» **The task**
Beginning with the line below that contains "Hyseni: Lajçak i" and ending with the line that contains "Departamento de 26", retype every line exactly. Pictures are not copied.

» **Supplied records**
▼
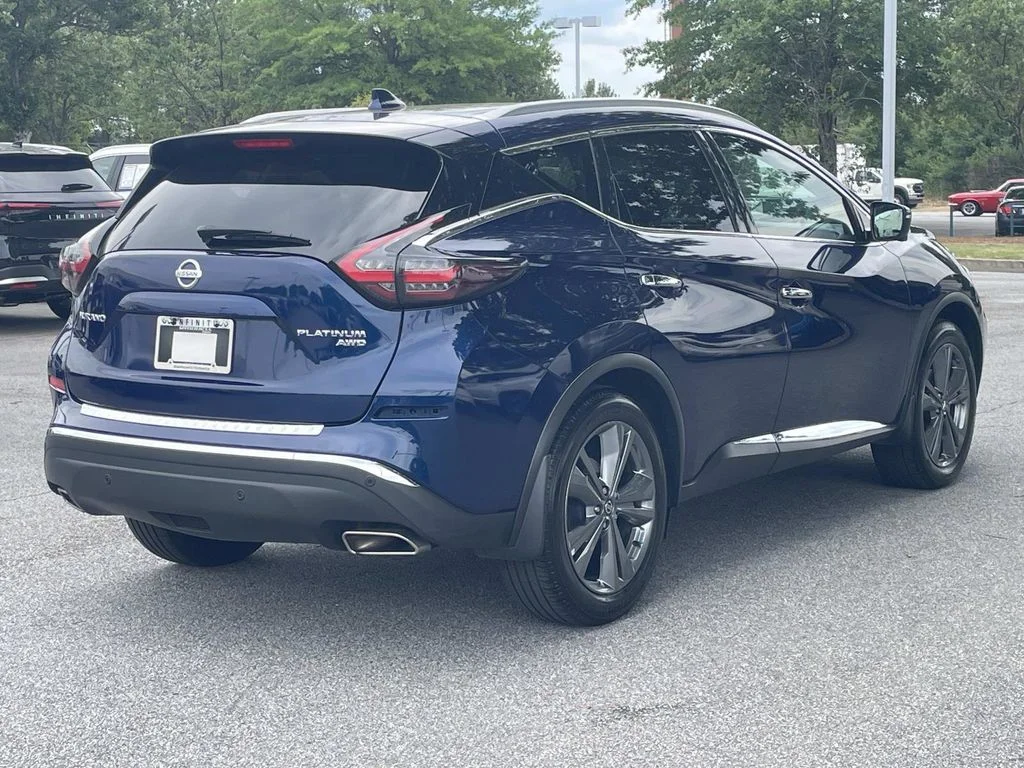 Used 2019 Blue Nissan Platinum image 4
▲
▼
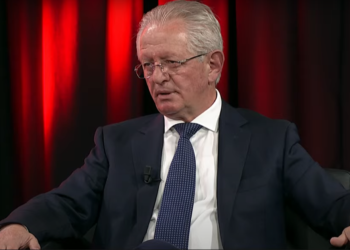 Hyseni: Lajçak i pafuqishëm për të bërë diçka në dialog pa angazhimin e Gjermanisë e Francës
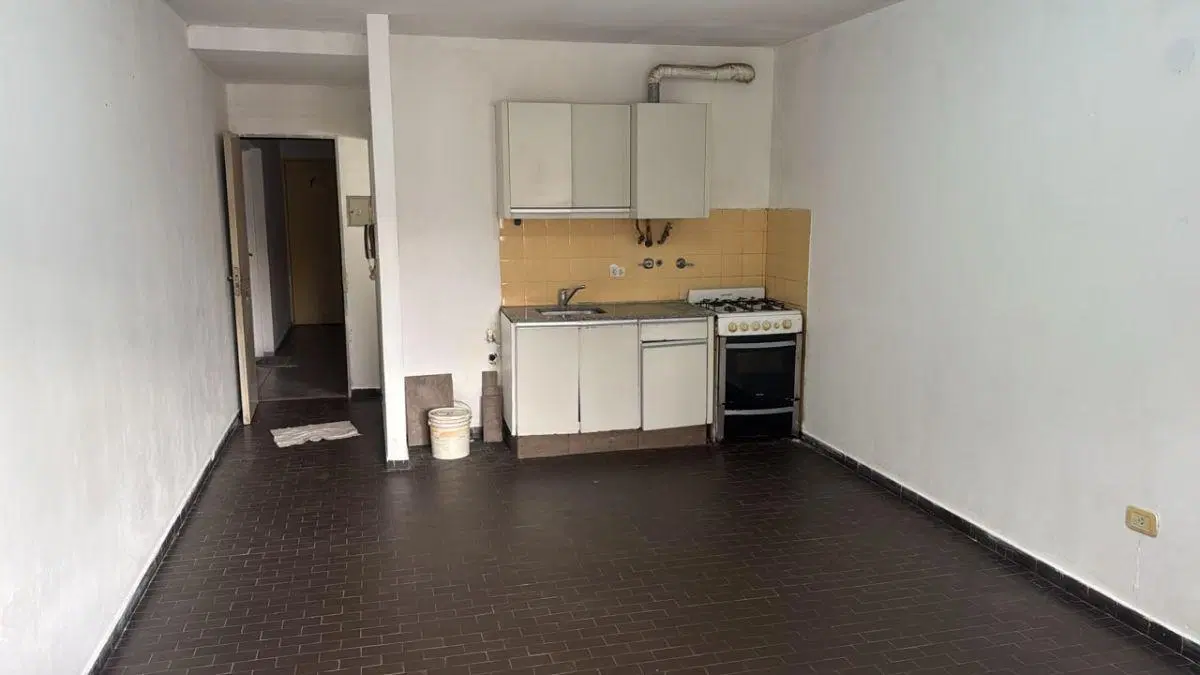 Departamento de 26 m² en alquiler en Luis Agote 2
▲
» **Final answer**
 Hyseni: Lajçak i pafuqishëm për të bërë diçka në dialog pa angazhimin e Gjermanisë e Francës
 Departamento de 26 m² en alquiler en Luis Agote 2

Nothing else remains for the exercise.